A lot of investors don’t understand the importance of compound interest. It allows money to grow exponentially over time. Furthermore, it can be very beneficial for investors who start investing early. This is because the more time an investor allows his/her investment to grow, the more benefit compound interest can provide. Compound interest is calculated by adding the principal amount and the interest. Hence, the investment keeps increasing. Thus, the returns also increase.
Let’s take a look at an example to understand compound interest-
You start investing at the age of 18. You plan to retire when you are 65 years of age. Thus, you have 47 years to save and invest your money.
You decide to save Rs. 100 every month for the next 47 years. After 47 years, you’ll have saved Rs. 56,500.
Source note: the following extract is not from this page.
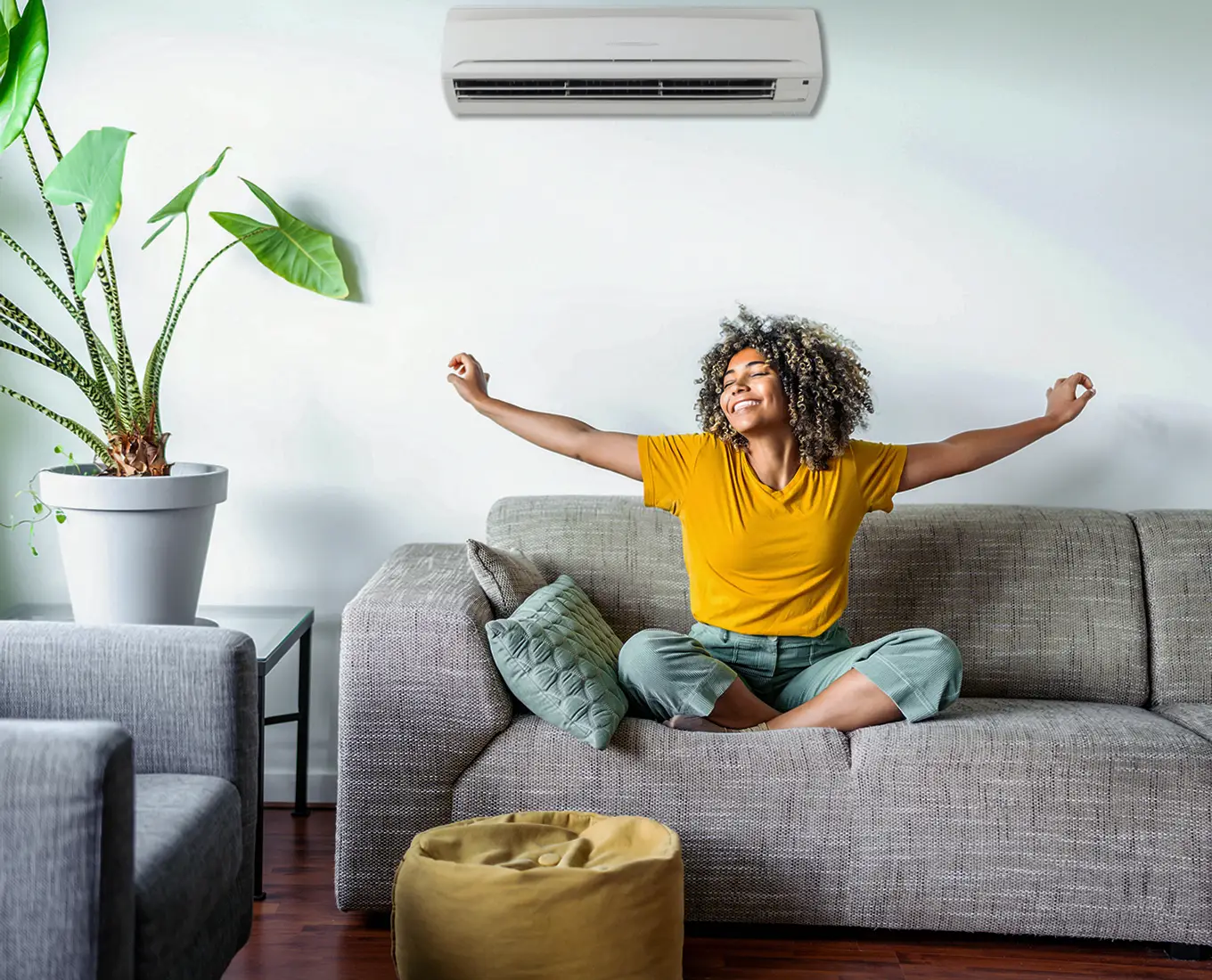 Homeowner relaxing comfortably under a wall-mounted mini-split system after ductless HVAC installation in Springfield, IL.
But if you decide to invest the same amount in an investment instrument that allows compound interest, then the accumulated corpus at the end of the tenure can be very high. For instance, the investment provides an average annual return of 7%, which is compounded every day. In this case, you will generate a corpus of Rs. 4,45,559 after 47 years.
How Compound Interest Helps Investments
Due to how compound interest gets calculated, it can provide you with substantial returns. However, it is wise to stay invested for a longer term to grow your returns. The more the number of compounding periods, the higher the returns you can earn. However, if you withdraw any money during the tenure, then it can lower your returns.
Why You Need to Start Investing Early
One of the most important factors in compound interest is time. The more time you stay invested, the higher your returns can be.
By investing early, you can avoid taking excessive risk and achieve maximum growth. For instance, if you are in your 20s and plan to start investing to build a retirement corpus, then you can choose low-risk investment options as you have 30-40 years to accumulate the funds. By investing early, you get more years to stay invested, and you can take less risk and allow your investment to earn stable returns. But if you don’t start investing early, then you might have to choose high-risk investment options to generate your retirement corpus.
What are Compound Interest Investments?
Most experts recommend investing in investment instruments that allow compound interest. It is a great way to earn substantial returns.
There are various investment options that compound interest at regular intervals. Unit-linked insurance plans (ULIP) and mutual funds are few investment options that allow compound interest. It is wise if you consider investing in such investments while planning your retirement.
Compound interest can help you earn high returns and build a huge corpus. However, you need to stay invested for a longer time.